Sustainability used to be an afterthought, the feel-good cherry on top of your marketing. However, with the proliferation of natural disasters and end-of-the-world headlines over recent years it’s quickly rising up the agenda for everyone. In the corporate world, this is reflected by sustainability increasingly being imbedded in business operations and by companies reporting on their impact across entire value chains. It’s safe to say that sustainability is no longer an afterthought.
While everyone is paying more lip service to the subject, the quality of communications has not followed suit. Sustainability is still communicated by corporates in a way that is ineffective and turning all audiences off, whether it’s customers, suppliers or consumers.
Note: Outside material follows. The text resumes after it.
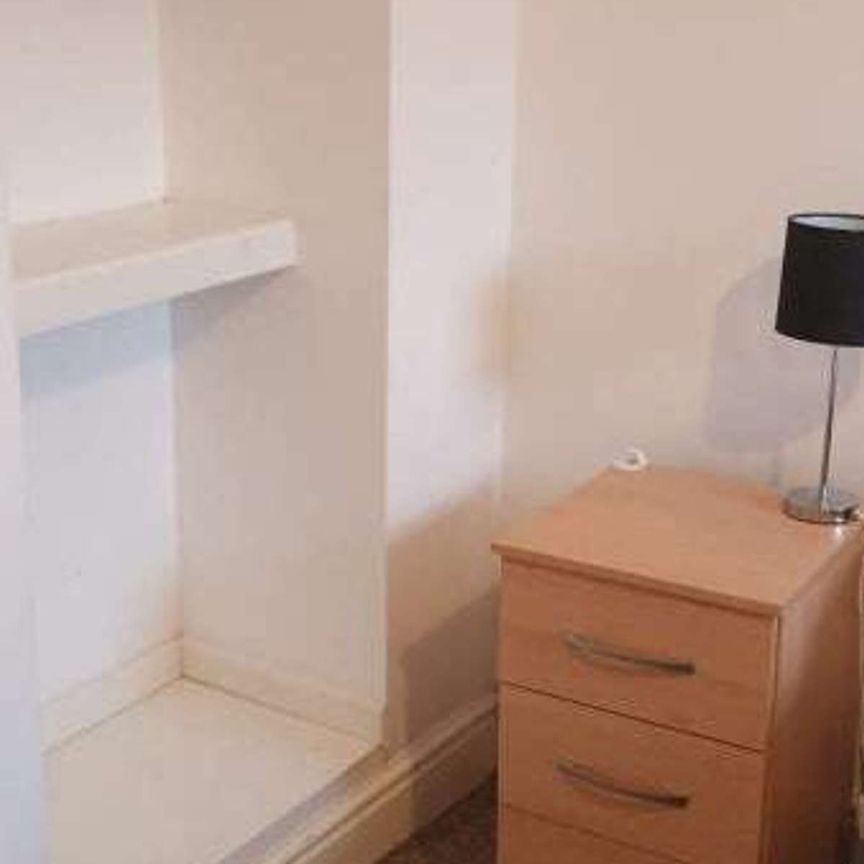 Room in a Shared House, Olive Street Room 3 - Photo 1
Now, in this most critical decade, there is no time for ineffective language.
Brands succeed when they occupy a unique and differentiated position in the mind. If your sustainability communications sound like everyone else’s, you are harming your brand and disengaging your audiences. But as we said before, your audiences want to hear what you have to say about sustainability – we hear from clients all the time that questions on this subject matter are pouring in at exponential rates, year after year. Don’t make it hard for them. Deliver clear and captivating messages your audiences are looking for by avoiding mistakes and following these evidence-based principles from our research.
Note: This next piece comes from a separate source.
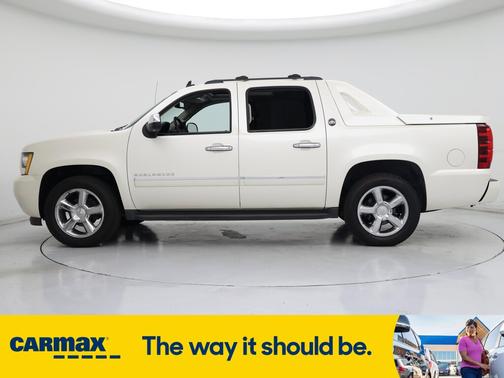 2013 Chevrolet Avalanche LTZ Black Diamond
After analysing Forbes 50 Most Valuable Brands’ sustainability webpages with word processing tools, Radley Yeldar has identified 8 clusters of clichés that represent the most common culprits of Stock Sustainability:
- We are committed
- The future: a better tomorrow, sustainable future, future generations
- The planet: protect the planet, help the planet, people and the planet
- Biggest challenge: urgent issue, world’s biggest challenge
- Our journey: our climate journey, sustainability journey
- Together we can: in this together, work together
- Building a better: creating a better, shaping a better
- Good for business: win all around, improves business
98% of the brands fell prey to at least one cliché and on average, they used four out of the eight clichés. By themselves, any one of these words or phrases would be fine – we’re guilty of using some of these ourselves. But overusing and stringing them together results in a buzzword salad that tastes a lot like Stock Sustainability. Worryingly, if the world’s most well-resourced brands are adopting this language, they naturally set a bad precedent for all corporates.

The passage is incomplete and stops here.